Navigating the World: A Jewish Lesson

The article is titled The Shallowness of Men Who Won’t Sit by Women, but comes close to talking at the same time about the shallownness of women who complain about men who won’t sit by women. Writing in the Forward, Simon Yisrael Feuerman observes that

Today, customs and sentiment have disappeared and hardened into rigid belief. For some of us, one is either “allowed” or not “allowed” to sit next to a woman. One is expected to quote this halachic source or other to support his view.

Alternatively, the “laws” of feminisim clamor and compete for parity through equal claim on rectitude. A man is not “allowed” to not sit next to a woman. It is an “insult” on par with racism and it is not to be tolerated. It is all chapter and verse and no spirit.

I discussed the difficulties of living out one’s counter-cultural beliefs in Haredi Gaming the System. Feuerman offers an interesting history of the way Orthodox Jews once navigated the difficult course of being believers among semi-, non-, and other believers:

Time was that a recognizably Orthodox person in public transport was seen as a curio: a remnant from the Old World. He (most often a he) represented a sentiment, a gesture, perhaps holy or pious or quaint. In the face of the thickness of this identity, members of the public would, if not out of total belief, then out of sentiment, recede, sometimes with affection sometimes without, as in, “that guy doesn’t want to sit next to me — a woman? That’s interesting! He must be a holy man.” But now it seems that is no longer so.
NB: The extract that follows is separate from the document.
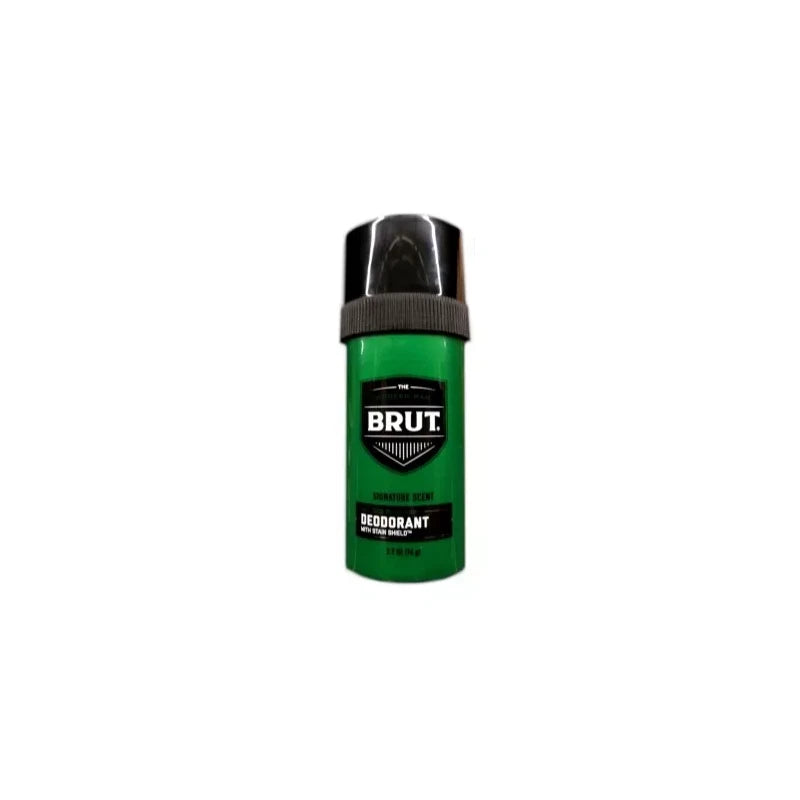 BRUT 6 Pack - Brut Signature Scent Round Deodorant Stick, 2.5 Oz.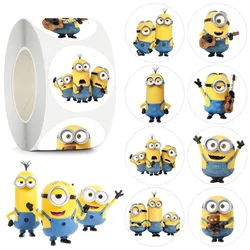 500PCS Minions Cartoon Reward Sticker Roll DIY Decor Notebook Pad Fridge Gift Stickers Seal Labels Envelope Sealing Scrapbooking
There was a kind of silent agreement among all Jews of the last century for observant folk to soften hard issues of doctrine and belief in the face of general custom and sentiment and for the less observant to soften and respect them as well. An Orthodox man might shake hands with a woman, if that were the custom or might not, but it would not be an occasion for either party to militantly protest. A pious man would certainly not obstruct a bus, train or plane over something like this. A pious man would not be prevented from talking to God or studying his Talmud or reciting his Tehillim on the subway.
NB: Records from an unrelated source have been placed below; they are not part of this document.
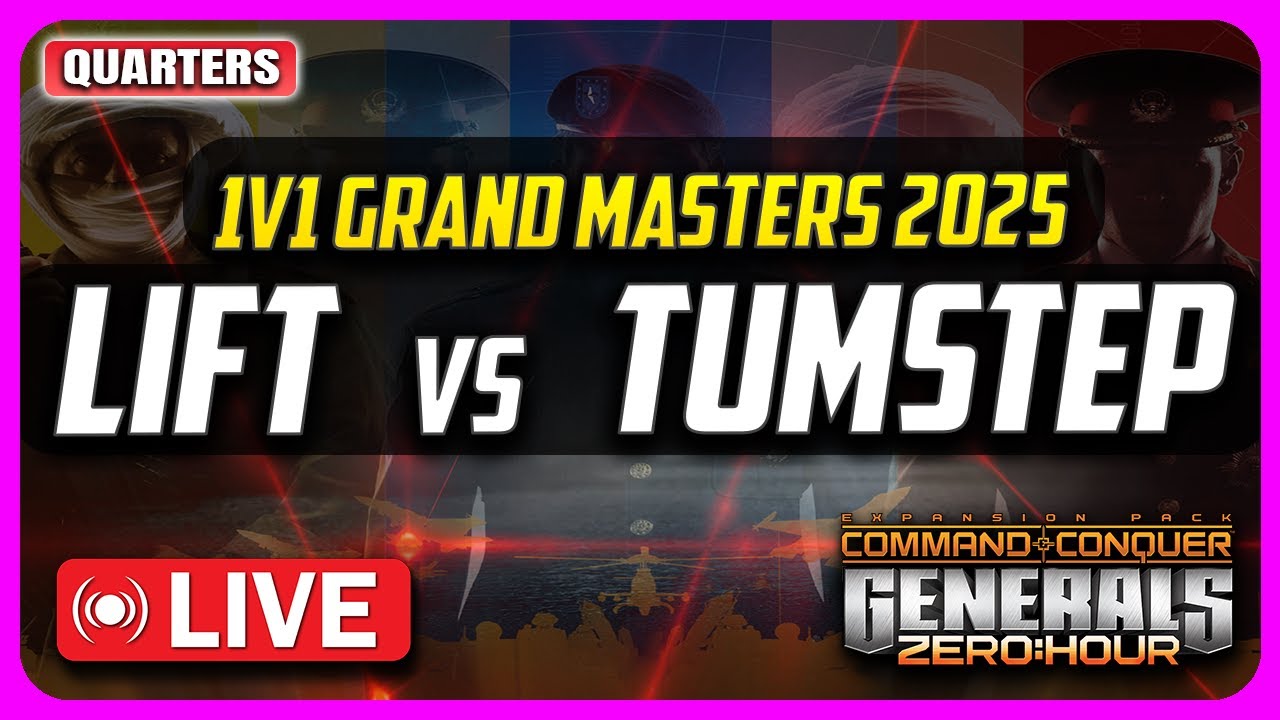 🔴LIVE | $1,000 Grand Masters 2025 | Lift Truck vs Tumstep | Quarter Final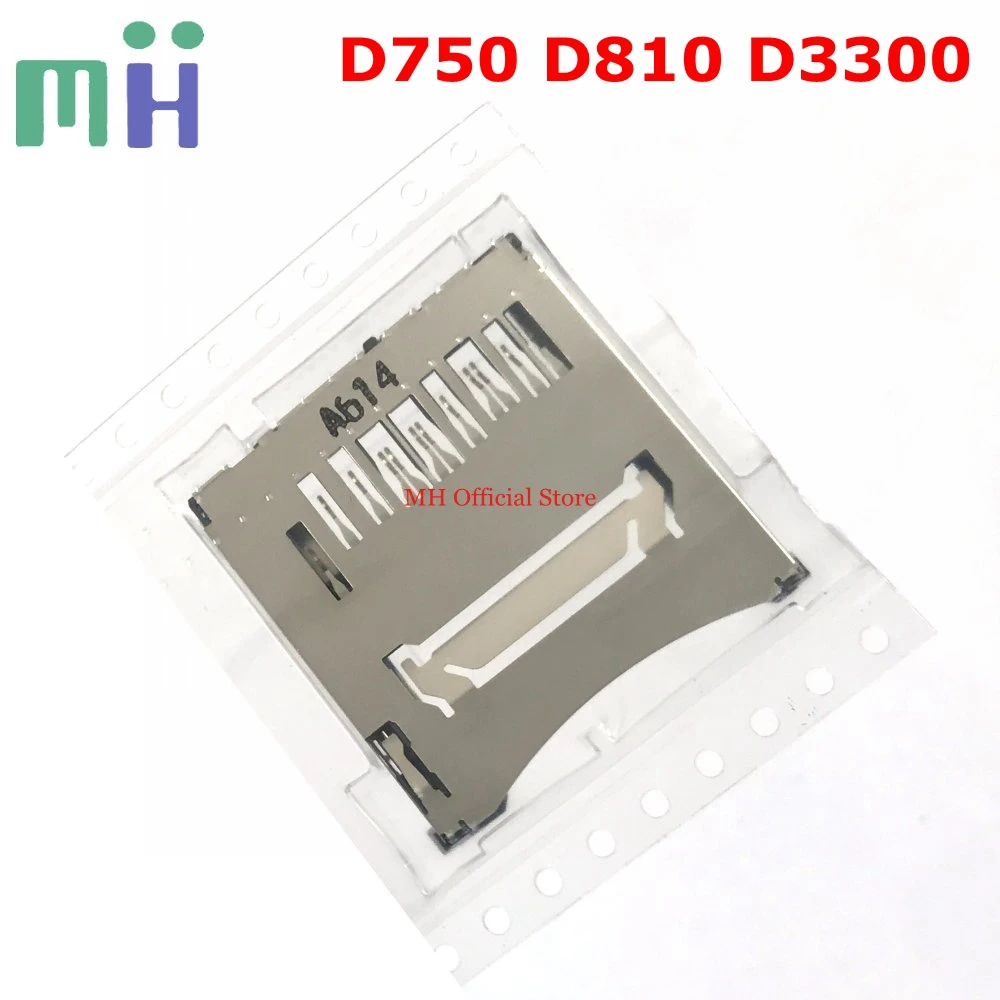 NEW For Nikon D750 D3300 D810 SD Memory Card Reader Connector Slot Holder Camera Replacement Repair Spare Part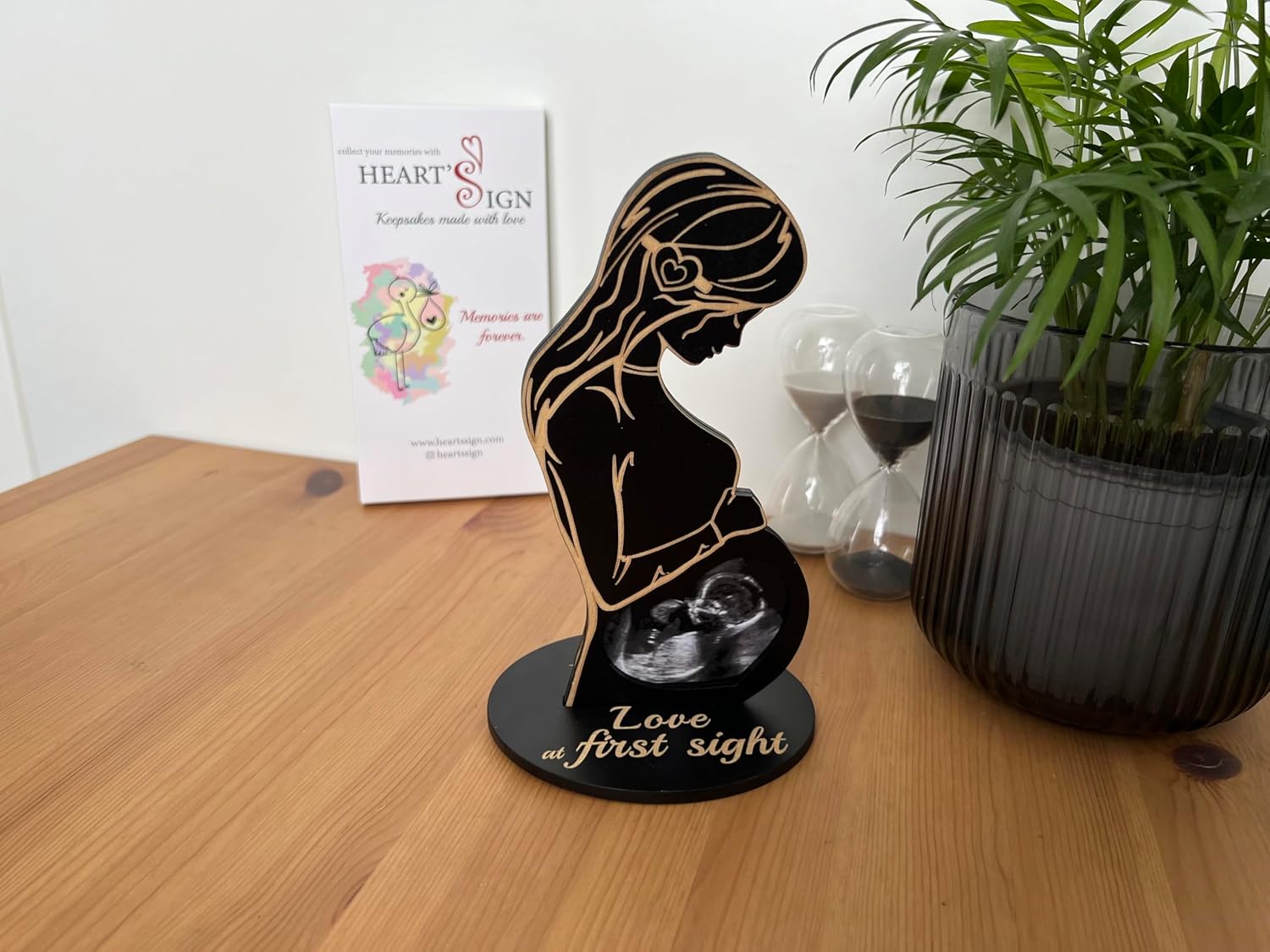 🔥This week's hot sale🔥Heart-shaped pattern baby ultrasound photo frame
Parallel to observance of the law, there was a profound ethic of modesty and menschlicheit inherited from his forebears in the sense of being attuned to the world outside — a belief perhaps that human existence in a civil society was a serious matter that in some ways had to live side by side with doctrine. There was finally an easy oscillation between being both narrow and broad, worldly and parochial. The Jew was finally alone, but still tried very much connected with the world.

These are, of course, matters that Christians are increasingly having to navigate, though many don’t want to navigate them at all. Some of our brethren like the “obstruct the flight till we get our way” option and others the “don’t act like a believer in public” option.